Another Dependency Management Scheme

This post is based on an accumulator pattern I encountered when converting recursive functions to be tail recursive.

For a long time I have been looking for a way to cleanly handle errors that arise in functions. It’s well known among programmers that only about 20% of code does any real work, the rest is there to take care of  IO and error conditions. That’s one of the afterthoughts that Joe Morasco has in How to learn a new programming language.

It takes me a few hours to recall how to make the linked list
work and get something on the air. To allow someone else to play the
game unsupervised (which means doing some error handling) usually
takes me a few days of programming.

KDBQ lets you omit a lot of ceremony and boilerplate so you can get to work faster. Often a function that does something useful, ie real work, is a few lines. However, you still need to do the error handling somewhere and it’s best if we can keep our functions doing mostly work. If there are specific error conditions that need to be handled then by all means handle it, otherwise assume that the input you get is what you expect. (I know this sounds crazy to all those paranoid defensive programmers, but frankly you might like where this post goes.)

The only ceremony that I insist on is that every function you write takes a dictionary as the input. I find this to be pretty liberating in general as you can easily add functionality over time without breaking an API and it allows for the function to implement sensible default values while allowing customization.

What I eventually settled on was something that would allow me to create dependent functions by ordering them.

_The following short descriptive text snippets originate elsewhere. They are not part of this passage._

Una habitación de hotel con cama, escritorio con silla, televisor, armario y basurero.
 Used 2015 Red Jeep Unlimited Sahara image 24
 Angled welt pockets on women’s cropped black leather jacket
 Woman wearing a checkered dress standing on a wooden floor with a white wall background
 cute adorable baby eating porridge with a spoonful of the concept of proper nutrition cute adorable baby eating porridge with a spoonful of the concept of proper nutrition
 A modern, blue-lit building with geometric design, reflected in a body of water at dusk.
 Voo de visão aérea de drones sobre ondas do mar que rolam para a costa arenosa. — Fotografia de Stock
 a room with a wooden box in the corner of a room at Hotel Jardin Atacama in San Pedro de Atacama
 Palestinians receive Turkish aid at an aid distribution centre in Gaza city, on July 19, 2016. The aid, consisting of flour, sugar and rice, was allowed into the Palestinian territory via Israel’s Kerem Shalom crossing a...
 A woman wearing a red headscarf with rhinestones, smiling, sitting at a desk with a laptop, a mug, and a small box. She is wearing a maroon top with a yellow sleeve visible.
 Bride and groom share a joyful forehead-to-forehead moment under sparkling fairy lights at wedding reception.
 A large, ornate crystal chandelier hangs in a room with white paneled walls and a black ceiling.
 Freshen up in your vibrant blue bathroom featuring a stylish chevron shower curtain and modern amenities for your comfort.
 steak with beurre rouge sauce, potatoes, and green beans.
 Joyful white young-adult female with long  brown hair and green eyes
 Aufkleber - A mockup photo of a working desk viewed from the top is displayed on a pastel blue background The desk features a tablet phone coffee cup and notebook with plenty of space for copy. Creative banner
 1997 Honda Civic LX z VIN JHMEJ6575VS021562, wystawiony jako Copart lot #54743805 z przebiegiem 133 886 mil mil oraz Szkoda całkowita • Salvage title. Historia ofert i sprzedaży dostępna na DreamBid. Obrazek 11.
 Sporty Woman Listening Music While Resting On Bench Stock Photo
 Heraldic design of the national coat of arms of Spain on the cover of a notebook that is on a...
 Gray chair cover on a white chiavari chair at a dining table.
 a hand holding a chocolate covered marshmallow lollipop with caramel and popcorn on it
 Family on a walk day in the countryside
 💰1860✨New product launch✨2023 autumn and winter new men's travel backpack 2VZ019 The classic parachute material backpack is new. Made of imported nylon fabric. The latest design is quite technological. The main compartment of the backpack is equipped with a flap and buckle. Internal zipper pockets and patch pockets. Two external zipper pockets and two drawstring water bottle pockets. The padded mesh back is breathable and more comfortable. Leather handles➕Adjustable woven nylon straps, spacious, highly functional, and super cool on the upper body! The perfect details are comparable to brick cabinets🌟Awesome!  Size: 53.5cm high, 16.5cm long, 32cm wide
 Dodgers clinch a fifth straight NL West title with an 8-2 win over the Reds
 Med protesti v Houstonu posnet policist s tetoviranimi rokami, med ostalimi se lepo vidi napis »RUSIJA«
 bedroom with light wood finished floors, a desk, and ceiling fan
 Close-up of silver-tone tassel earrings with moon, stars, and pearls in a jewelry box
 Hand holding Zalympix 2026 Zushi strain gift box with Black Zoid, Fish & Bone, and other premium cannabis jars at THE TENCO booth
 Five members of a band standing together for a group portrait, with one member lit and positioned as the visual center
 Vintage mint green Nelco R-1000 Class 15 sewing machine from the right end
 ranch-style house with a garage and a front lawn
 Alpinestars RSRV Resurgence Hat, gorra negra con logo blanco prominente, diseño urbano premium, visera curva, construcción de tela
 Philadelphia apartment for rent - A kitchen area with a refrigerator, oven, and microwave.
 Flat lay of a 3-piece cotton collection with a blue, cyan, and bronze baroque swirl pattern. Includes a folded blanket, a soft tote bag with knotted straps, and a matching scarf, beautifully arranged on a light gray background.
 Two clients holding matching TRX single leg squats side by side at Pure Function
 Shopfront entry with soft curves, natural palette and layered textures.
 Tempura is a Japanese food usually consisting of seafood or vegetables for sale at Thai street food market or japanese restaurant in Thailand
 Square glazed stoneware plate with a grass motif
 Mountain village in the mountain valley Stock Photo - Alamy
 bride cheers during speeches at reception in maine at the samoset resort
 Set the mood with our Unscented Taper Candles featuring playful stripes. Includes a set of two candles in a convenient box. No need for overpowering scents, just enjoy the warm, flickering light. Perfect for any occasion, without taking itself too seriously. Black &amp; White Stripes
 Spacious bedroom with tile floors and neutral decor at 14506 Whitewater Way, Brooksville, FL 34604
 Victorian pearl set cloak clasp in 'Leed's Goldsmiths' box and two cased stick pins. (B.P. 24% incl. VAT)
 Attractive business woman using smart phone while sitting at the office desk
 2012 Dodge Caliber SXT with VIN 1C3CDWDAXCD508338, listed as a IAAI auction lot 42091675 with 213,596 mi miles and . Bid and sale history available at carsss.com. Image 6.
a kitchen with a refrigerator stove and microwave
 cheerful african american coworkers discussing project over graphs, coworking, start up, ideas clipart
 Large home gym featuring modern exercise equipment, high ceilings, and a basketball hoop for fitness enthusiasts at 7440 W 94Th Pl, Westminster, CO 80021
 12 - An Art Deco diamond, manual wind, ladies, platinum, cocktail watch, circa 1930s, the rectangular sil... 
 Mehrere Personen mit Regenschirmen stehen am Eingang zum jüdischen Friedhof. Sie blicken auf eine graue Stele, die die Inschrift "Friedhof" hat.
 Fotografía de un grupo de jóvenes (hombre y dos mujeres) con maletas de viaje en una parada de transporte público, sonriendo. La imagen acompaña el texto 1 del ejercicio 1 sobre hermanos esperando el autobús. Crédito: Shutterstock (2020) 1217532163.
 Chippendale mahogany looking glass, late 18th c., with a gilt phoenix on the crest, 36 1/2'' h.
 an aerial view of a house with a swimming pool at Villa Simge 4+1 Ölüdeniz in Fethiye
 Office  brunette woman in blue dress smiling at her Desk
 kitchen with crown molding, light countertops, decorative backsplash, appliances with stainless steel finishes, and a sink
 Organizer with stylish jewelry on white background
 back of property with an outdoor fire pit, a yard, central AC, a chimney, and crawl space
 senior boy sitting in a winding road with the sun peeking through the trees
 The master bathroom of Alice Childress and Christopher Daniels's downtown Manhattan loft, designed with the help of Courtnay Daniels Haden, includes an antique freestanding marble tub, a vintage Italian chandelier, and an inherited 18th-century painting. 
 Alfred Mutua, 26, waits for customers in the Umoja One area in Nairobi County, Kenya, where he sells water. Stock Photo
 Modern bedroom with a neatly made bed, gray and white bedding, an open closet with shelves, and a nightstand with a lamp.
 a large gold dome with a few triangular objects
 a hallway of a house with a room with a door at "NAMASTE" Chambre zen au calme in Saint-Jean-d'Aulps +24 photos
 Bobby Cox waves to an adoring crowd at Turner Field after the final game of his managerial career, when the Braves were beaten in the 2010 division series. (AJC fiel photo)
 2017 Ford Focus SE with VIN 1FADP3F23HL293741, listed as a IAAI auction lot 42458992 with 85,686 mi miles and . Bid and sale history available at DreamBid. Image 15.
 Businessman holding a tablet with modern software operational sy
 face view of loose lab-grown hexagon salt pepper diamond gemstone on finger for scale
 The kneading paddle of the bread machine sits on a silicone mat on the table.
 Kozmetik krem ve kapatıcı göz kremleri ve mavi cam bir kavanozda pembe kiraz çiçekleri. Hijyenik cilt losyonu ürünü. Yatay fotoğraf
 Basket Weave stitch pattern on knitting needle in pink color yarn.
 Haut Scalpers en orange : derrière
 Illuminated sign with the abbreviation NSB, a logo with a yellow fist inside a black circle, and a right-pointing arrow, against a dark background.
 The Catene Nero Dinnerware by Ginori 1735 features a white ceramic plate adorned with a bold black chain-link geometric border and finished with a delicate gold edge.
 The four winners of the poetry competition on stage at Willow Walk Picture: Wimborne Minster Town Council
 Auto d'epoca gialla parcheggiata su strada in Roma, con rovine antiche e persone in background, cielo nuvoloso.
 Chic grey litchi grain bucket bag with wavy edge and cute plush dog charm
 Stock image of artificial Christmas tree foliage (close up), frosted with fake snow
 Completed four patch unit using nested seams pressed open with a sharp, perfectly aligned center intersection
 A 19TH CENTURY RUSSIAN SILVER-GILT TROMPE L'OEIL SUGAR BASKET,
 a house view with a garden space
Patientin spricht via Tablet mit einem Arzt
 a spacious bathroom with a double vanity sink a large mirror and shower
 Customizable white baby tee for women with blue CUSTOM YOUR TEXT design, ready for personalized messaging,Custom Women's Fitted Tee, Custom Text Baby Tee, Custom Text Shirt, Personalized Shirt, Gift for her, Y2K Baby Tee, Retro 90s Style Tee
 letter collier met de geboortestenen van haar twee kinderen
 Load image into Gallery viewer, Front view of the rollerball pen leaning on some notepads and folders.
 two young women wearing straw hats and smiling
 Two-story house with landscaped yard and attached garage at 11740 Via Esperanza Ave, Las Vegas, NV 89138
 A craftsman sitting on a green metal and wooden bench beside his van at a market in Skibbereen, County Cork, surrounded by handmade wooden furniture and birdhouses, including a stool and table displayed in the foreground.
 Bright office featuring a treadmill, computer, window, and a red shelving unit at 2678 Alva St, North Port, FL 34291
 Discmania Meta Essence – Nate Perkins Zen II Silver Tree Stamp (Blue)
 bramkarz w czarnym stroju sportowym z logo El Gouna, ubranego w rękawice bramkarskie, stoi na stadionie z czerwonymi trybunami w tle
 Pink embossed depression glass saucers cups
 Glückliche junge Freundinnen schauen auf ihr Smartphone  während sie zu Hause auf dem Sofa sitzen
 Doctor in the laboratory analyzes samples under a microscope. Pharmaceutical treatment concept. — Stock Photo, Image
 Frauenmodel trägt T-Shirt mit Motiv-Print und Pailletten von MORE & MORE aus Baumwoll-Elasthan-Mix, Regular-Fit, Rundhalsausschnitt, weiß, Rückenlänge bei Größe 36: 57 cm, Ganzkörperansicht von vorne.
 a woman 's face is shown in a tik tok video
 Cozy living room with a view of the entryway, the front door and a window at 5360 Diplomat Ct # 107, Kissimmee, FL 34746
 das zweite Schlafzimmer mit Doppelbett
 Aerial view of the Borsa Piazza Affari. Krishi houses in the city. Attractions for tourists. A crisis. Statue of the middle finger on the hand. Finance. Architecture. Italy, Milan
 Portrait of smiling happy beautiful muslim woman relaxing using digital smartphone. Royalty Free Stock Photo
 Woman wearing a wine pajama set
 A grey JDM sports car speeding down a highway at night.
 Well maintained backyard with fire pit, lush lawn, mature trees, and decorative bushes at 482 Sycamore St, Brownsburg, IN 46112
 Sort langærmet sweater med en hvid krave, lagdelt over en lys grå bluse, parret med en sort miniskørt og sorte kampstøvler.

I think of them as “getters.” Each function “gets” a value using a dictionary of configurations.

A list of getters can be easily seen on a page and read. If you know what each getter is doing then you can keep reading, otherwise you can go look at the definition.

I then would create a getter dictionary, each key in the getter dictionary will eventually be assigned a value. The value is either the value that was already in the input or the value of applying the current getter to the dictionary.

To make this a bit clearer, suppose that I want to create a function that gives my pet animal a name.

I have the following dependencies:

What pet animal am I getting? Turtle, Elephant, Dog, Snake

getAnimalType:{[args] first 1?`Turtle`Elephant`Dog`Snake}

Is the animal a boy or a girl? (obviously turtles and elephants are more likely to be girls)

getBoyorGirl:{[args] 
   d:`Turtle`Elephant`Dog`Snake!0.7 0.7 0.5 0.5;
    $[first d[args[`AnimalType]]>1?1.0;`girl;`boy]}

Choose a name based on those two criteria.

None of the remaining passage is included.